THE DOWNTOWN SHOW. Seeing Blondie featured on Gothamist's Video of the Day inspired me to finally share some notes about The Downtown Show: The New York Art Scene 1974-1984, at NYU's Grey Art Gallery and Fales Library, with a complementary exhibit at The Arnold and Sheila Aronson Galleries at the clumsily named Parsons The New School for Design.
That's right: The exhibition is in no less than three venues. And even though I have issues with the presentation and I also suspect that it doesn't necessarily display the very best (or even most representative) work from the period and place, it's worth seeing, with extra nostalgia value for anyone who feels any sort of connection with the scene.

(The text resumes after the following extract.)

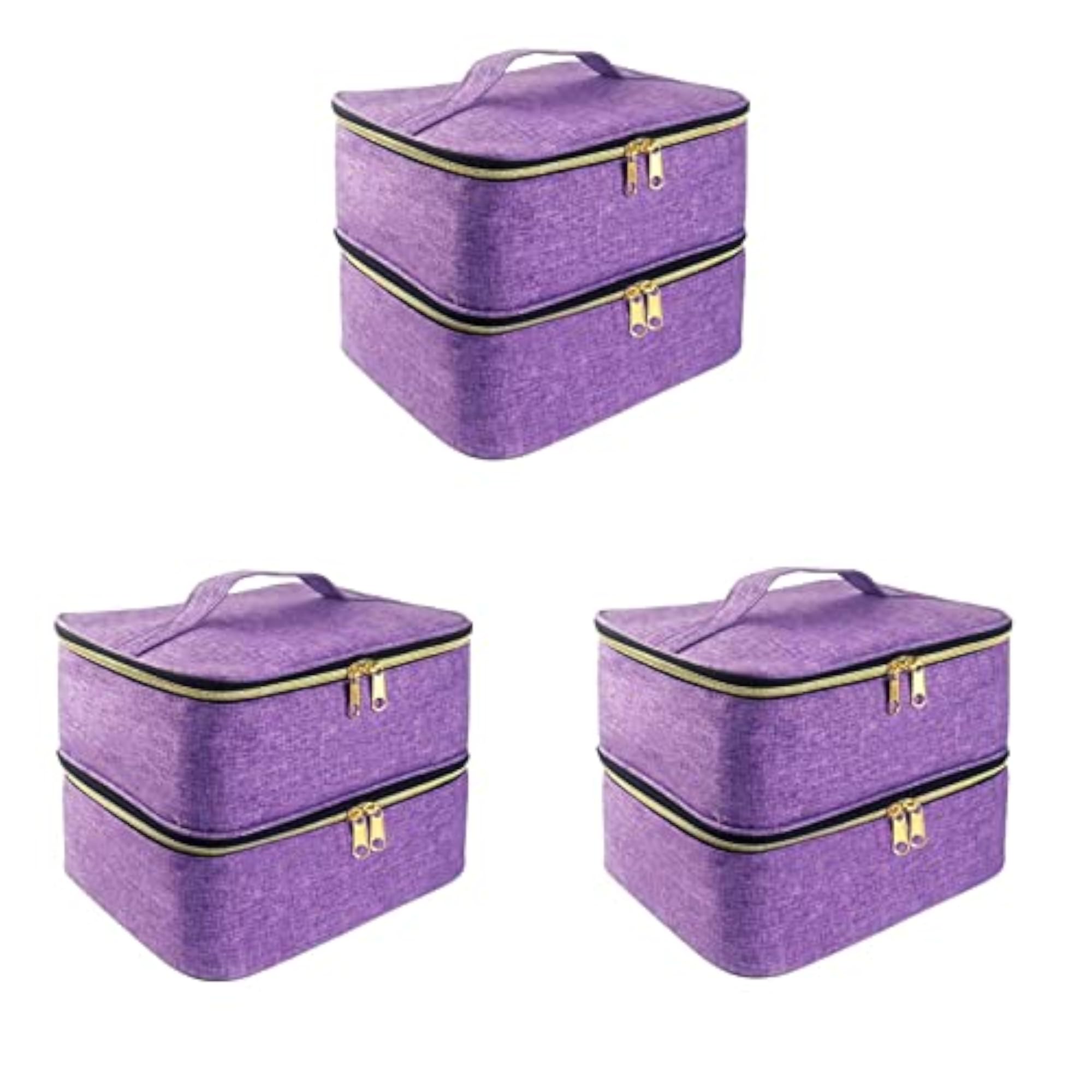 Portable Nail Polish Carrying Case Bag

I mean, I'm not sure I could be described as even being on the fringe of the fringe, but I still have fond memories of "discovering" the constantly changing yet somehow enduring Rocks in Your Head when it was a record store/ice cream parlor (where Laurie Anderson records were readily available and I caught my first glimpse of Ed Wood's Glen or Glenda on video), the nearby postcard store (a postcard was a very cool way to communicate and decorate in the days before email), Canal Jeans (when it was a place to get cool used clothing), that time a bunch of us uncoolly shouted out Jim Carroll's name in the direction of a guy who looked like him (and might, in fact, have been him), and, miles and miles away, seeing a screening of Blank Generation that drove people crazy because its silent footage of Talking Heads, Wayne County, and other downtown music luminaries wasn't synched with their music. (I shared a lot of those experiences with The Other David. To use the cool parlance of the day: Thanks, man!)
Blank Generation, which is part of the exhibit at the Grey Art Gallery, was screened in one of those video boxes that is so close to other video boxes that the sounds from each clash. Yeah, maybe that's even more punk than Blank Generation alone, but...it was driving me crazy!
We interrupt this blog entry for a short and low-quality but still intense clip of Richard Hell and the Voidoids performing "Blank Generation."
We now return to the entry-in-progress.
Elsewhere at Grey I enjoyed the photos of Adam Purple's The Garden of Eden (perhaps you too have seen Adam Purple around town) and a lot of the stuff in the basement, including antique footage of Madonna singing "Like A Virgin" and David Van Tieghem drumming up and down the streets in Ear to the Ground (something else I think I managed to see in the olden days). Tseng Kwong Chi's Self-Portrait with World Trade Center (1980) is a standout, as is this Cindy Sherman photo. I love how Sherman incorporates and (to use the parlance of the approximate day) reinvents a New York City setting. (It is the main branch of the public library, isn't it?)
Piece for piece, I liked the exhibit at the Fales Library the most. It's located in NYU's Bobst Library, where (coincidentally) the Philip Johnson design evokes memories of the Escher drawings that enjoyed a resurgence during the period covered in the exhibition. At the entrance is a bunch of signage (with piped-in period music) that captures a lot of the graphic sensibility of those times. As The Other David put it, those were the days when most folks had access to photocopying machines (and, I note, typewriters) but not computer printers. A graphic style that I think was under-represented at the exhibit was the newspaper cut-and-paste approach that resembled notes made by kidnappers; another was the retro-look that soon became mainstream. Also at Fales is the Body Politics section, which shows a sample of what William Wegman was doing before he became famous for his dog pictures and also includes photos by Robert Mapplethorpe and Arnie Zane, who, dammit, were to become victims of the incipient AIDS plague.
The small Parsons exhibit includes some comix and examples of fashion. The emphasis (such at it is at a small display) is on designer fashion, though so much of the style of the period consisted of torn T-shirts and jeans, an extreme alternative to the expensive primping associated with disco culture.